Charity Majors Profile picture
Sep 18, 2020 22 tweets 5 min read Read on X
"Log Everything" is:

a) logically impossible
b) a bottomless money pit
c) mostly junk (boring things being infinitely more common than interesting things)
d) ends up with a heavy bias towards errors, and
e) causes good people to lurch desperately towards bad ideas (like "AI")
a piece i wrote years ago, just as relevant today: honeycomb.io/blog/lies-my-p…
just a few minutes ago i was having a conversation with @paulosman about the future of our profession as systems engineers, and he pulled up a quote about four ways to solve problems: solution, resolution, absolution, and dissolution. (e.g. squiretothegiants.com/2016/06/16/so-…)
logs are such a canonical example of a solution that teams are used to either absolving (ignoring it and hoping it will go away) or solving (an outcome that is good enough to move on).

if your problem is "do something with logs", a good enough answer is "pick any log vendor."
logs are a commodity now, a race to the bottom. you can ship them to any one of twenty or fifty vendors, pay a few cents per gig to not think about them, and sleep fine at night.
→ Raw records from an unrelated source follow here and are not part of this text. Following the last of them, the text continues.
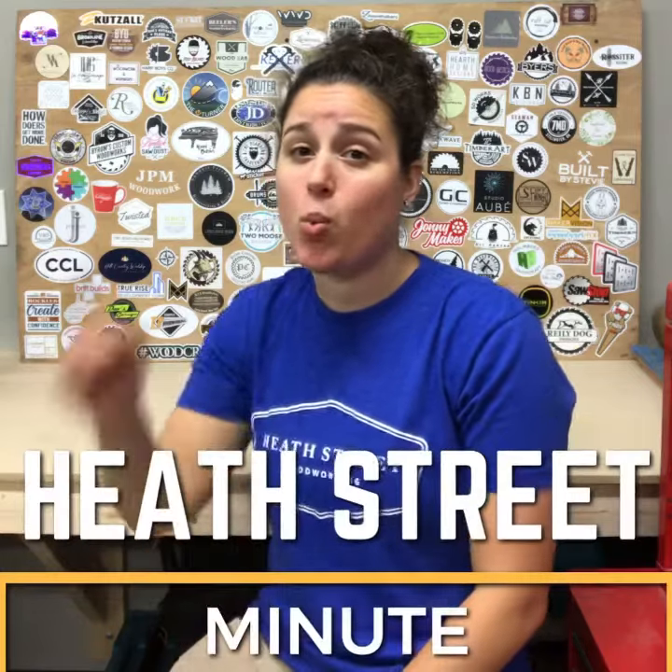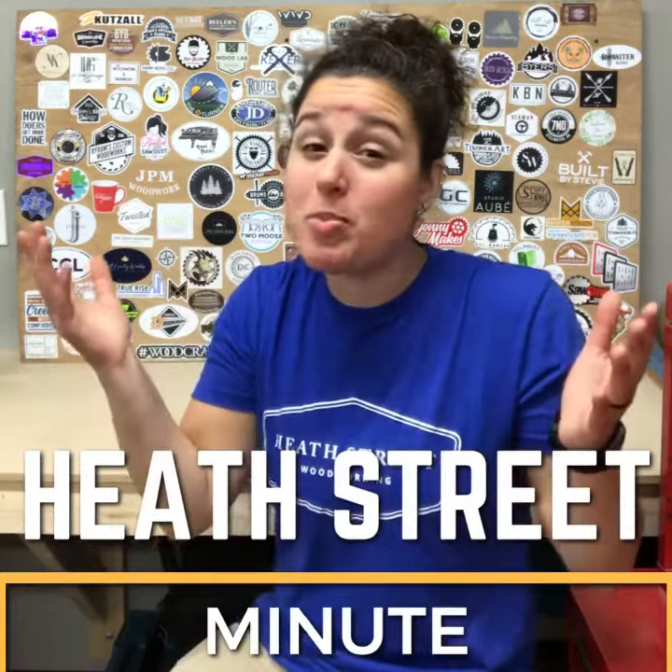Hey everyone, welcome to the Heath Street Minute. One minute of knowledge coming at you! As you may well know, nails and screws come in a variety of finishes — from galvanized, to stainless steel, to zinc plated, to polymer plated — but they all have their pros and cons and they're all designed for specific applications.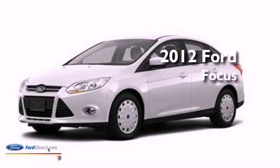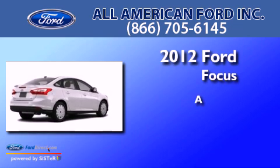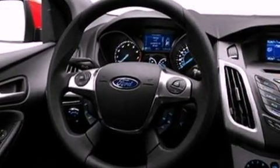This is a brand new 2012 Ford Focus. All of the following features are included.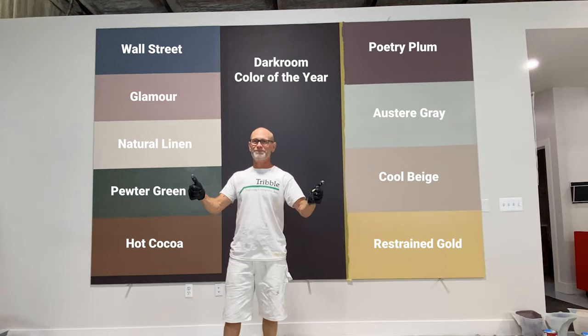And then on the other side, again top to bottom, we have Poetry Plum, Austere Gray, Cool Beige, and Restrained Gold.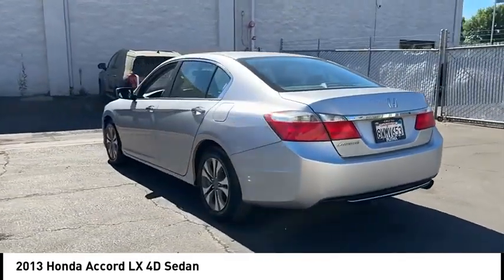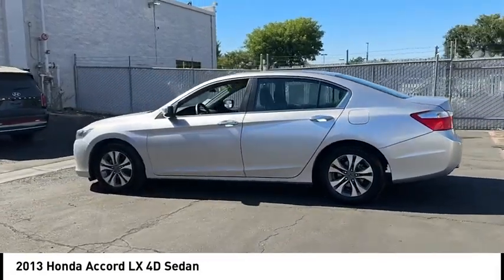This vehicle has less than 100,000 miles. Here are some of this vehicle's great options.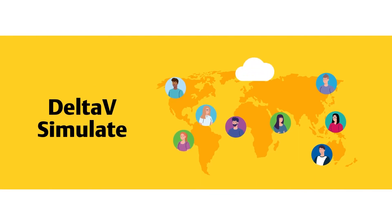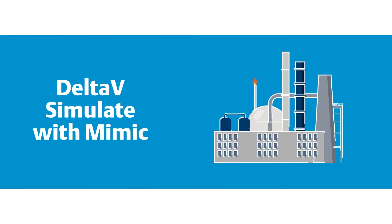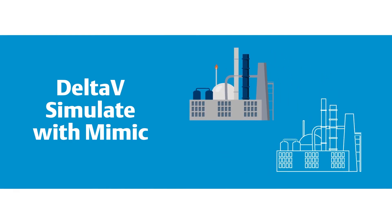Delta V Simulate, allowing you to drive process values and see operator graphic confirmations without running an actual process. And Delta V Simulate with Mimic, providing you with full process simulation capabilities, becoming a digital twin of your physical plant.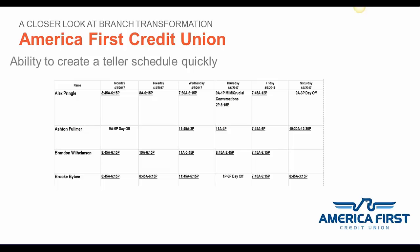Our first objective was the ability to create a teller schedule quickly. In the past, we used an Excel spreadsheet, relying on our lead teller's perspective of when we were busy rather than actual data. We have some branch locations with only a handful of tellers and others with over 20, so creating a schedule was a time-consuming process. FMSI has been a great time-saver — we can create a schedule in a fraction of the time we used to.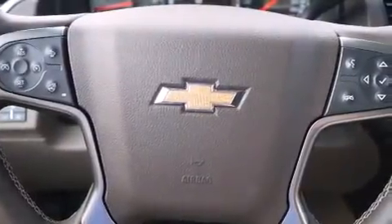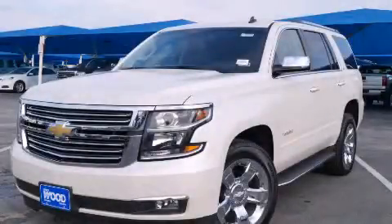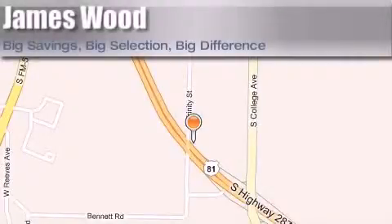This vehicle is sure to sell fast. Call and arrange your test drive today. James Wood Motors is located at 2111 U.S. Highway 287 South in Decatur. Our goal is to exceed all of your expectations to ensure that you'll return for future visits.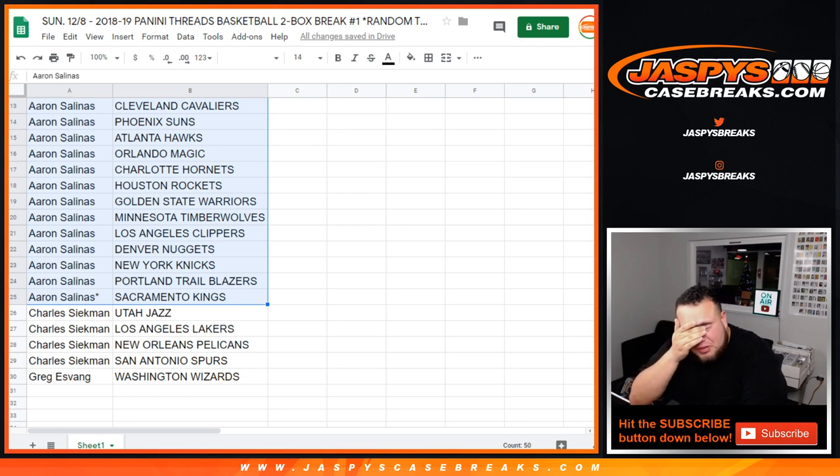I mean, if Kobe was going to go to the Lakers, then yeah, that would be kind of ouch. But I think for the two boxes Aaron's happy that he got the Dallas Mavericks and the Hawks. Alright, let's close the trade window.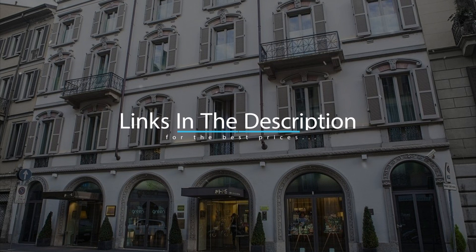To get the best price for this hotel, make sure you check out the link in the description. Have a nice trip.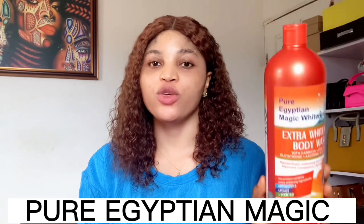The first product I'll be talking about is my body wash, which is the Pure Egyptian Magic Whitening Body Wash. I love this body wash so much — it's really amazing, it lightens the skin very well and gives you an amazing skin tone. It says 'Pure Egyptian Magic Extra Whitening Body Wash' with carrots, egg yolk, glutathione, ascorbic acid, and collagen — a natural super whitening and skin corrector that improves complexion and rejuvenates the skin.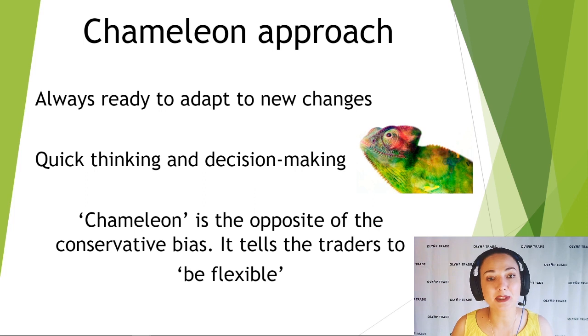The chameleon approach is the opposite of the conservative bias — it tells the trader to be flexible. As the world changes and new innovations are being introduced to the financial market, be like a chameleon and be ready for something new every single day.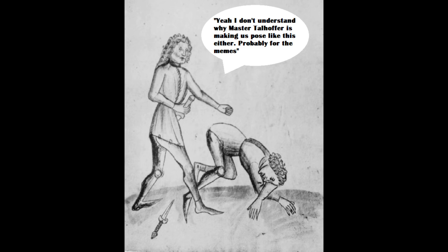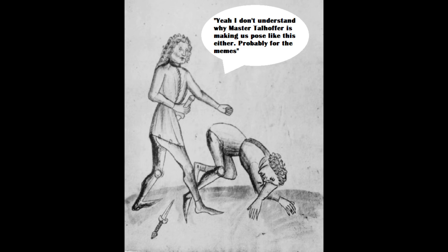Anyway, enjoy. If you know of any other good images in medieval art that don't involve snails — I've had all the snails that I can have — or rabbits, fencing rabbits, then post the links below and I'll enjoy looking at those. Cheers, folks.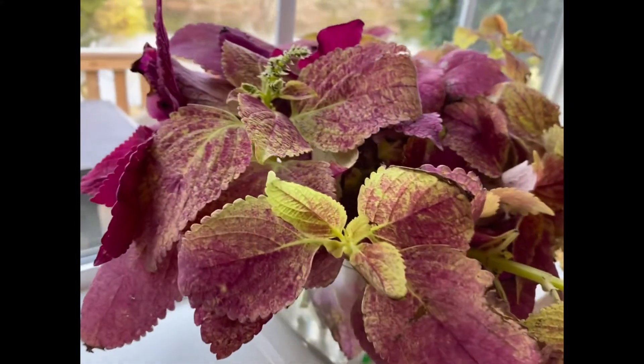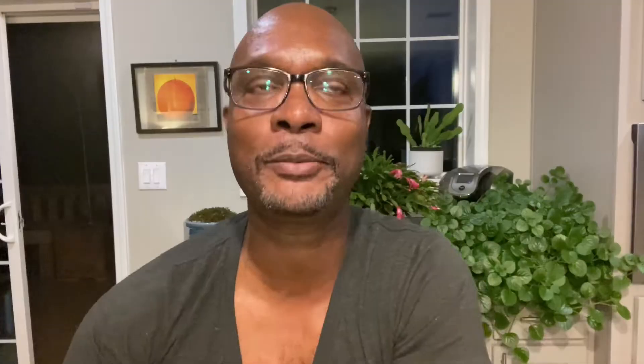I took some cuttings of coleus from my garden just before the frost that we had maybe a couple of weeks ago, and I shared it to some groups that I'm in on Facebook. Some of the feedback was, oh, it's too late in the season. They're not gonna live because they require cuttings earlier in the season. They won't work.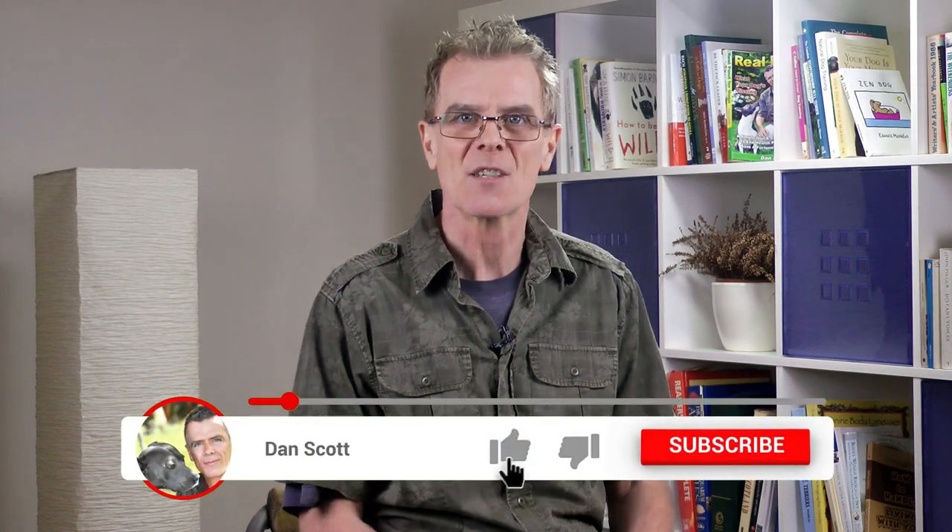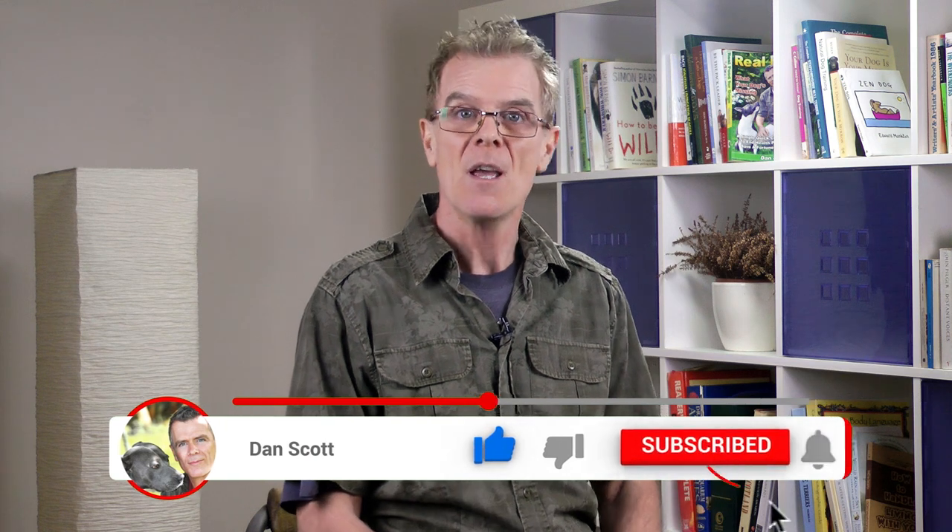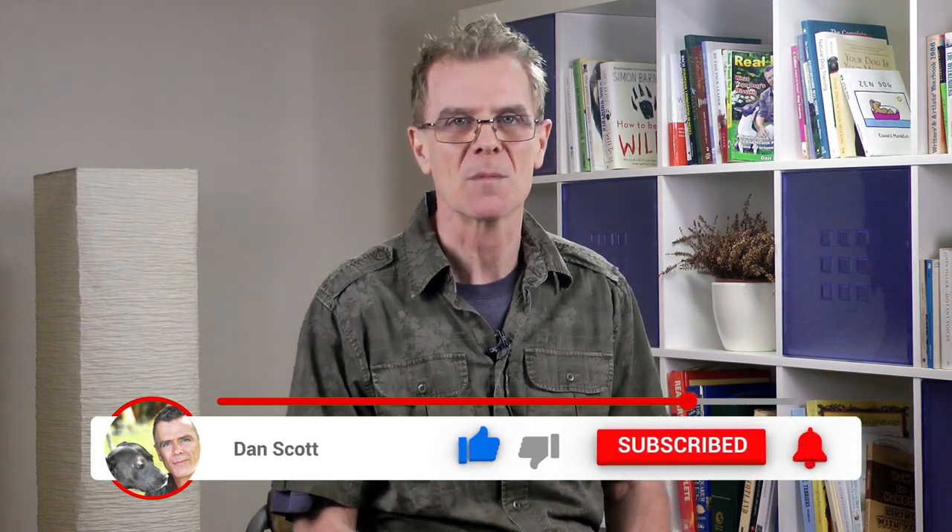Hi, I'm Dan Scott, canine nutrition and home remedy specialist. If you're new here, hit the subscribe button below to stay in touch with all the latest videos, and feel free to comment or ask questions below.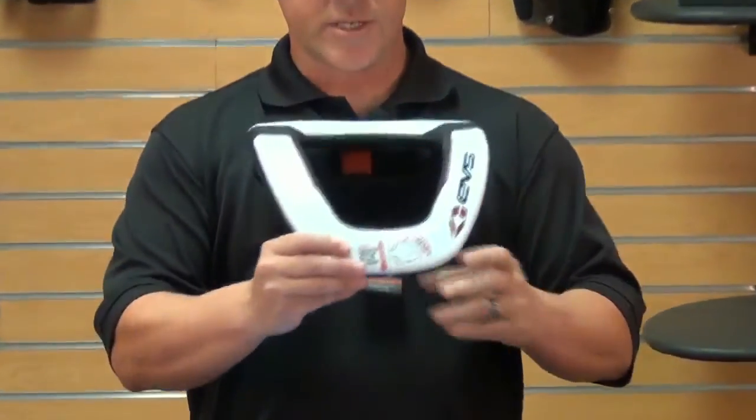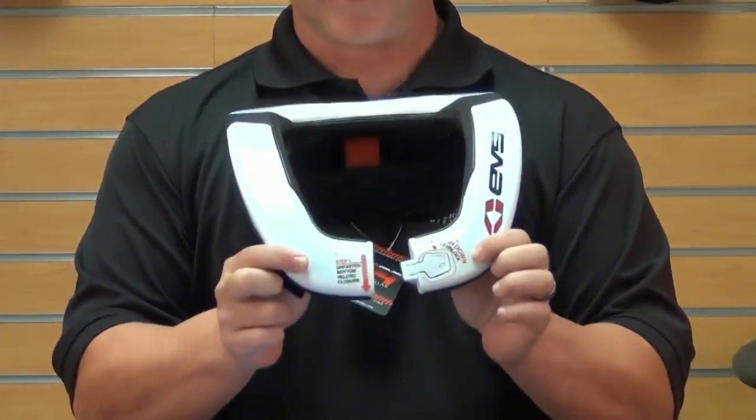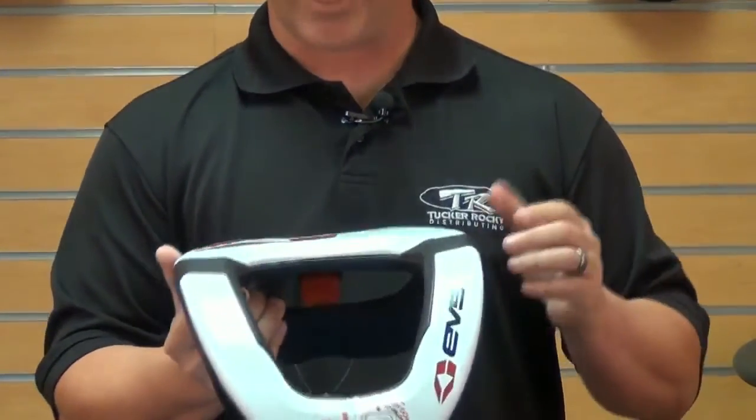The EVS R4 Race Collar is a great, inexpensive way to help prevent neck injuries. It uses a rapid lock entry system, which with just a push of a button clicks open and clicks closed, so therefore it remains in place.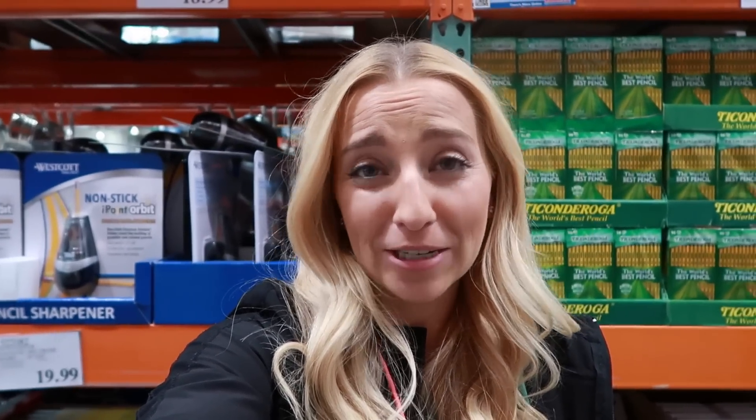I could spend all day here going up and down every single aisle telling you whether something was a deal or not, but this video would end up being over an hour long. So I'm going to pick a handful of the best or most popular items that most families are looking for to give you a head start on what you should and shouldn't buy.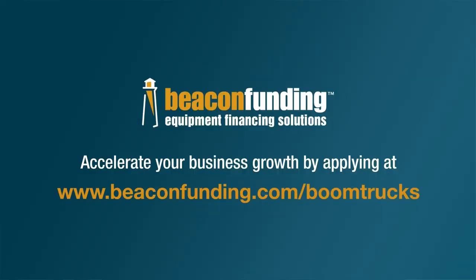Apply for boom or bucket truck financing today and see why thousands of businesses choose us — because we are fast, friendly, and affordable. Accelerate your business growth by applying at beaconfunding.com/boomtrucks today.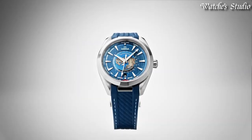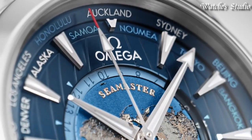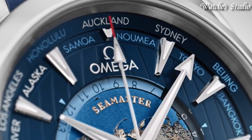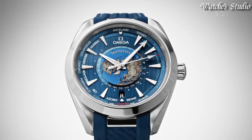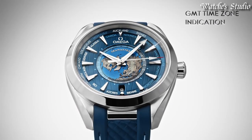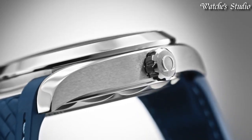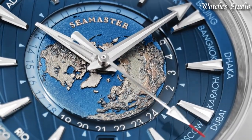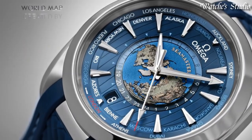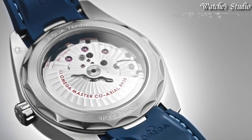Dial type: analog. Automatic movement. Scratch-resistant sapphire crystal. Screw-down crown. Case size: 43mm. Band width: 21mm. Water-resistant at 150m. Functions: world time, GMT, second time zone, hour, minute, second, coaxial escapement, chronometer, shock-resistant. Swiss made.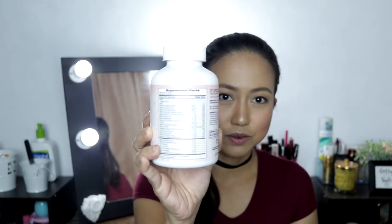Next, let's talk about the packaging — it's a plastic bottle. It contains 250 liquid softgels. And here are the supplement facts — I hope you can read them.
but what if the problem you are trying to solve is "understand my systems" or "understand my code?"
(er sorry, i got that wrong above ... "resolve" is the one that yields a good enough outcome. "solve" is do something that yields the best possible outcome. CRITICAL DISTINCTION ☺️)
if what you're trying to do is *understand your systems*, logs are a shit-poor way of trying to do that. we fall back to logs when that's all we have. but what if you didn't log the detail you needed to understand the problem in front of you?
what if what you logged is misleading, or flat out wrong? what if the problem only manifests when you examine system behaviors in aggregate, and is invisible from the perspective of any given host? what if it doesn't match up with the telemetry from your monitoring systems?
what if your logs are filled with useless spew left over from the last engineer who was frantically stuffing in shit to help her "step" through the code from the last outage?

worst of all, what if you don't know what to look for? logs _only work_ when you know what to look for.
the problem most people face is that they've been using logs for so long that they've wrestled them into a state where it's "good enough" -- everyone is familiar enough with the local whimsies that they know how to get what they need out to get thru most situations.
and so they completely lose sight of the fact that the problem they're trying to solve is, "understand my systems".

and they start shoveling more and more and more engineering energy into the gaping maw of their logging "solution". the problem instead becomes "managing logs".
many companies end up sinking so much engineering talent into this problem, you'd think they had a hybrid mission -- whatever their company does, plus log management.

logs for logs' sake will swiftly become a millstone around the neck of any team that lets this happen.
there's so much emotional attachment around this topic, it seems like many teams (and leaders) have come to imbue their logs with a kind of emotional security blanket magic.

(for which you can prob thank the millions of dollars spent on marketing by aforementioned logs vendors.)
but what is the problem you are trying to solve?

it is not "keep a record of every thing that happened".
it is not "search our logs".
it is not "keep everything".

the problem you are trying to solve is understanding your systems and the code you write that makes your business.
if the goal is to "solve" it (find the best possible outcome) and, in some cases, "dissolve" it (reframing the question or redesigning the system so it no longer exists) ... what would you do?
well, first identify the minimal set of logs that you actually do need (usually for compliance reasons). pick any log vendor, stash and forget.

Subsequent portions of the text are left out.